**Assigned task:**
Since only the written part is wanted, repeat the records exactly and omit the pictures.
Data for this exercise section start
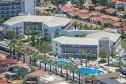 Тур Palm Wings Beach Resort & Spa Kusadasi -  Фото 4
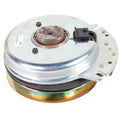SX2-0049 - featured image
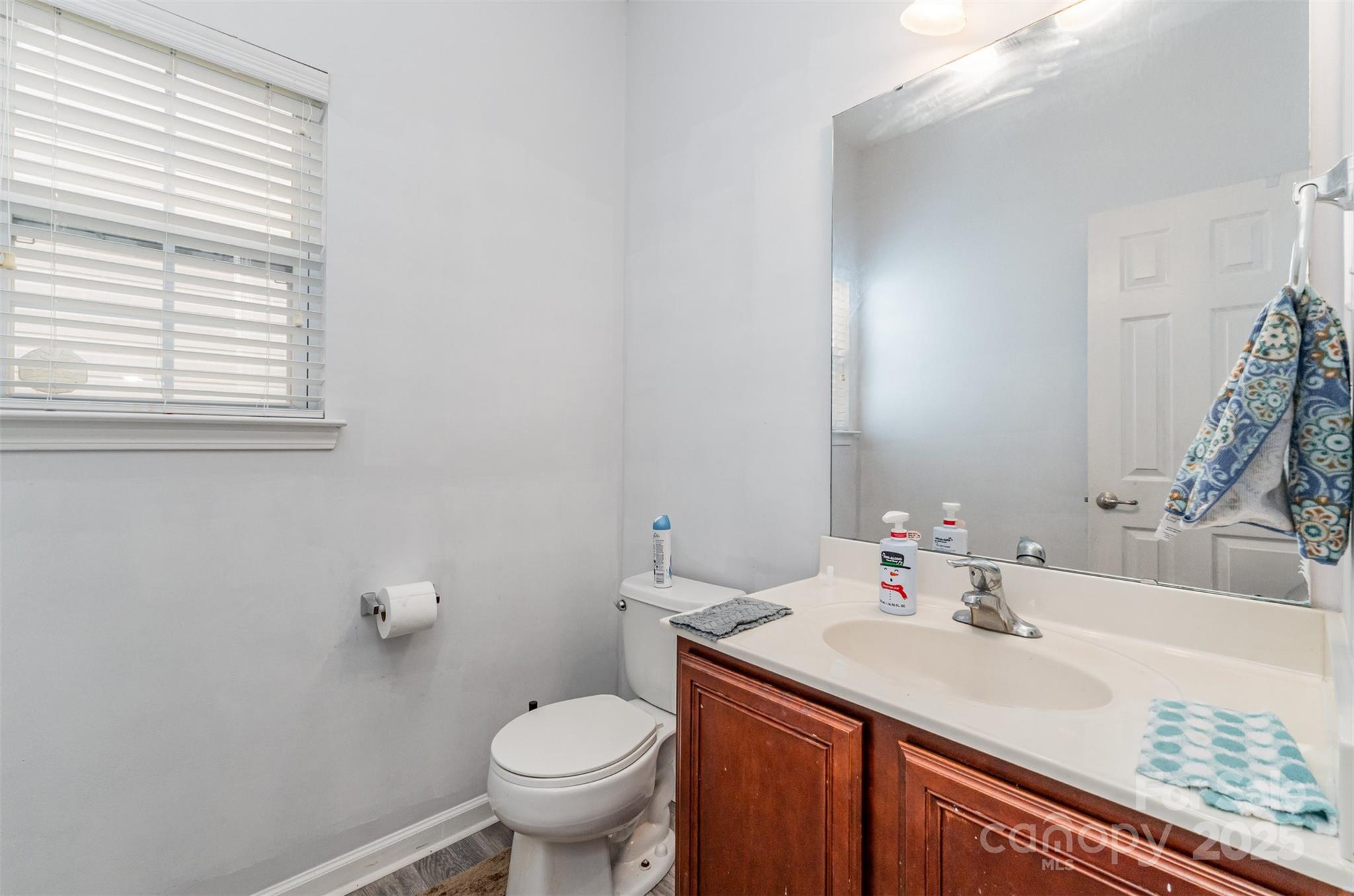 2823 Oakdale Pasture Drive Charlotte NC 28216
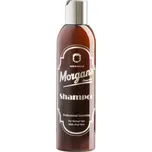 Morgans šampon na vlasy 250 ml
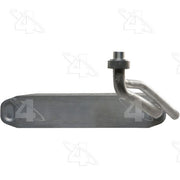 A/C Evaporator Core Four Seasons 44131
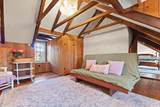 1507 River Road - Photo 7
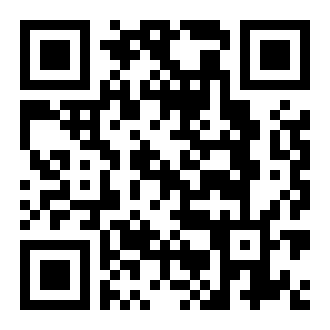 火柴人篮球模拟器游戏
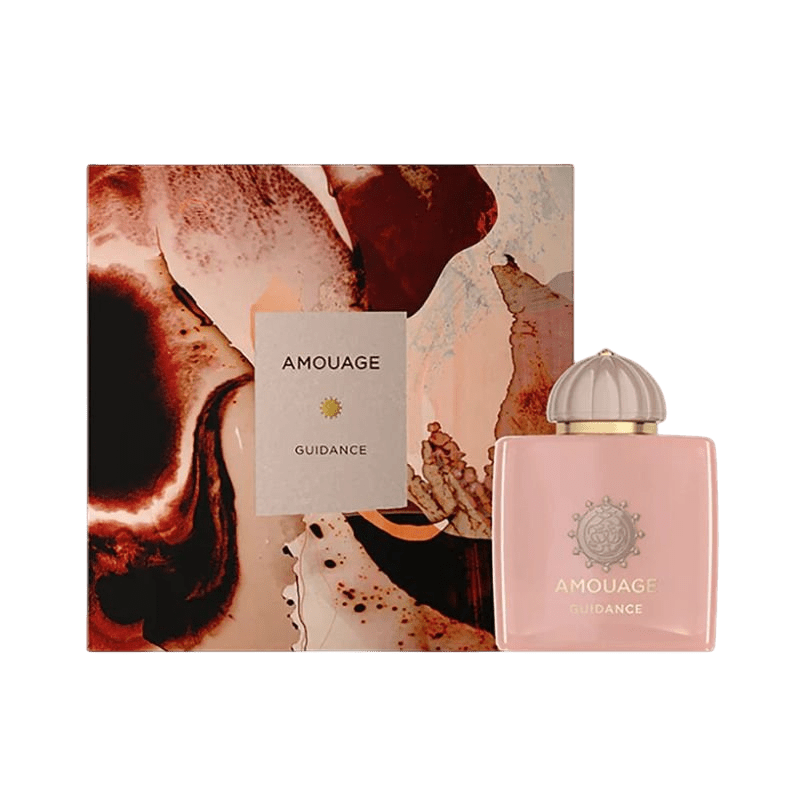GuidanceEau de ParfumAmouageFragrance Nevaeh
Data for this exercise section end
**Result of the task:**
 Тур Palm Wings Beach Resort & Spa Kusadasi -  Фото 4
SX2-0049 - featured image
 2823 Oakdale Pasture Drive Charlotte NC 28216
 Morgans šampon na vlasy 250 ml
 A/C Evaporator Core Four Seasons 44131
 1507 River Road - Photo 7
 火柴人篮球模拟器游戏
GuidanceEau de ParfumAmouageFragrance Nevaeh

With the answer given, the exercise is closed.